== Material provided

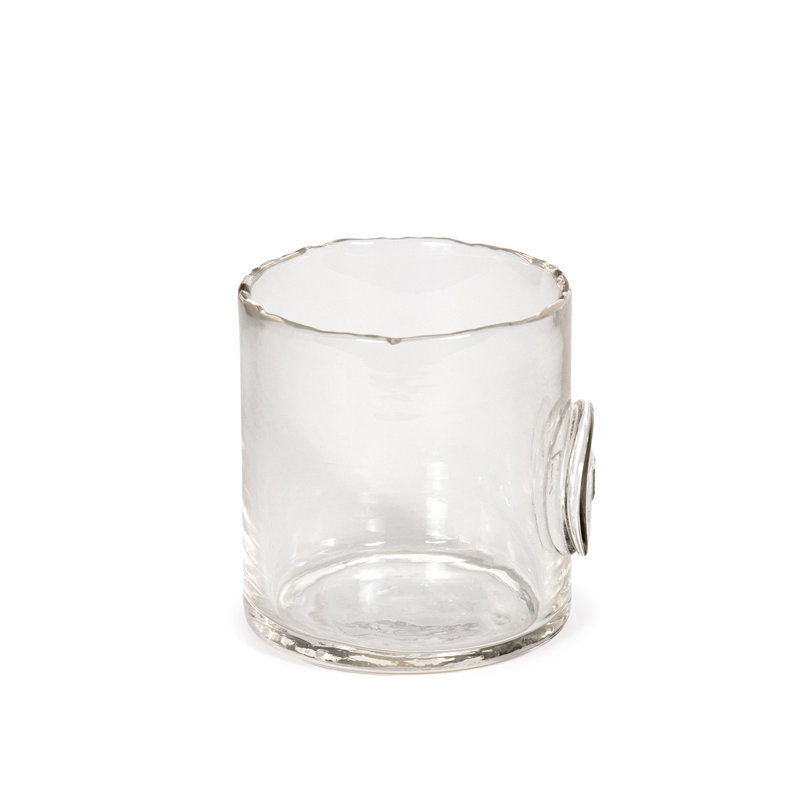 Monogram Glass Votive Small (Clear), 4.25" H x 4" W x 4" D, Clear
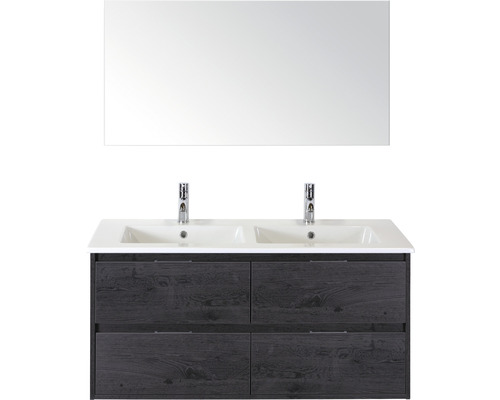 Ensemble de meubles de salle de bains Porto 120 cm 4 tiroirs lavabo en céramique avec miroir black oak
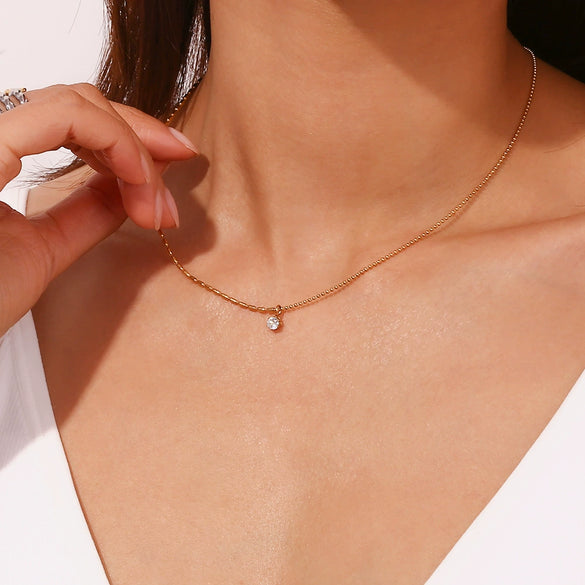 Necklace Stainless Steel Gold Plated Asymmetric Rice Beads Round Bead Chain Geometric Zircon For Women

====
== Material provided

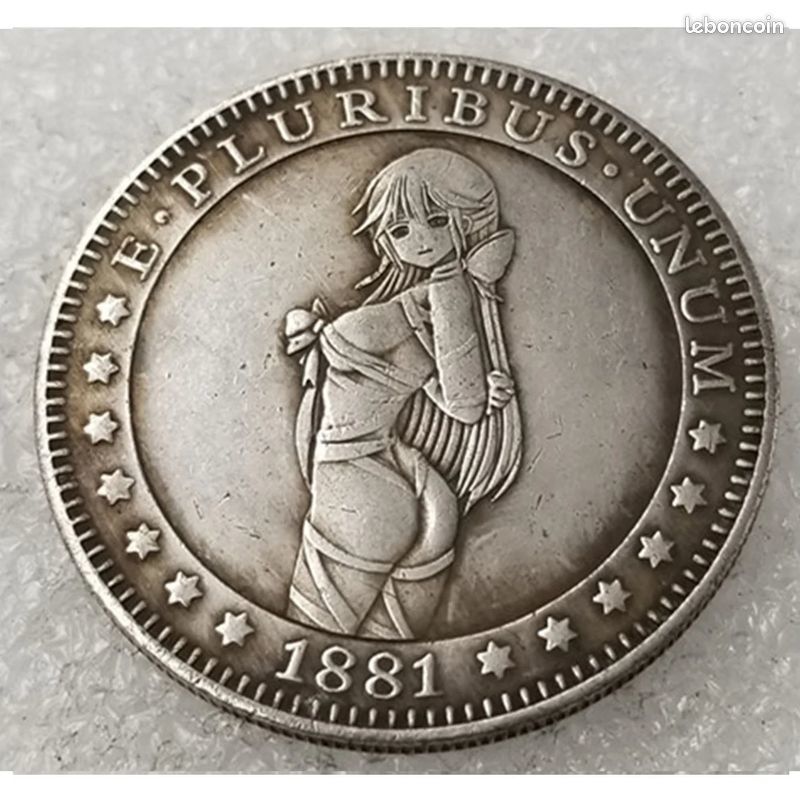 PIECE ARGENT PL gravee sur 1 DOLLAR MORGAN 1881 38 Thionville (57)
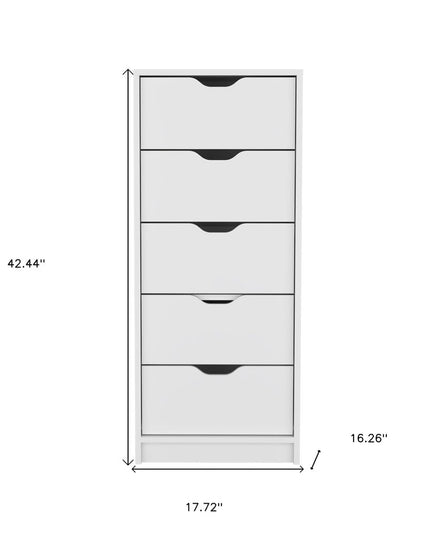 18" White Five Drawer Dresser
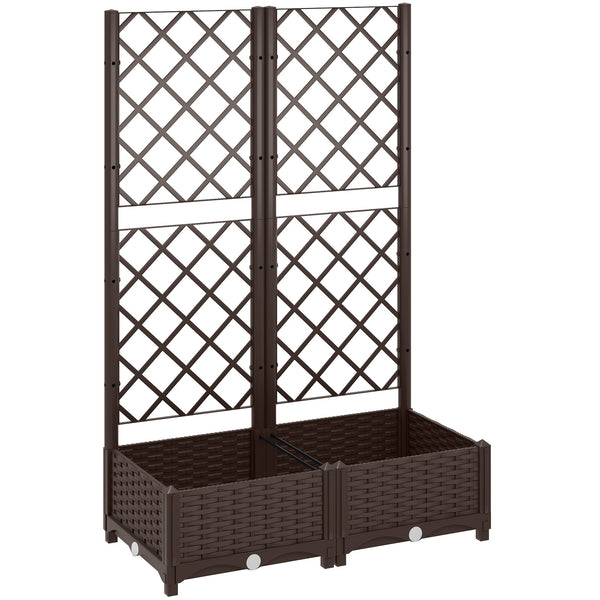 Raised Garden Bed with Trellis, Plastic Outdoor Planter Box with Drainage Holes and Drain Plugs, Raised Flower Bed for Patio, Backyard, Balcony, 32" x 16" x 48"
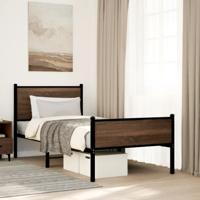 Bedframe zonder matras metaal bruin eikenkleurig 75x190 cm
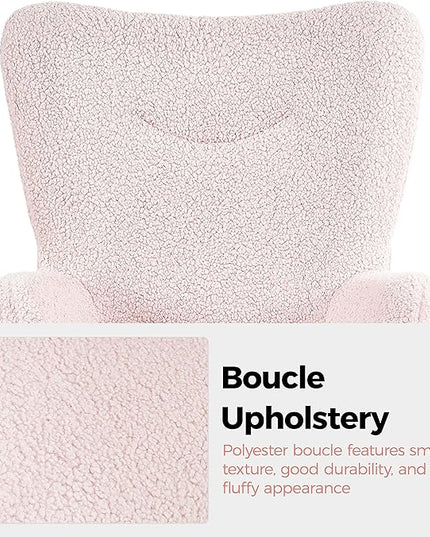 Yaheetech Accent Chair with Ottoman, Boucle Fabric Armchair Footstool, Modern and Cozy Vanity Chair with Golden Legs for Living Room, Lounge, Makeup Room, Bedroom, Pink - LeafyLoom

====

# Your instructions:
Using the entries above, reproduce word for word only the lines from the one that contains "Monogram Glass Votive" to the one that contains "Necklace Stainless Steel", both ends included, and drop every picture.

# Solution for this task:
 Monogram Glass Votive Small (Clear), 4.25" H x 4" W x 4" D, Clear
 Ensemble de meubles de salle de bains Porto 120 cm 4 tiroirs lavabo en céramique avec miroir black oak
 Necklace Stainless Steel Gold Plated Asymmetric Rice Beads Round Bead Chain Geometric Zircon For Women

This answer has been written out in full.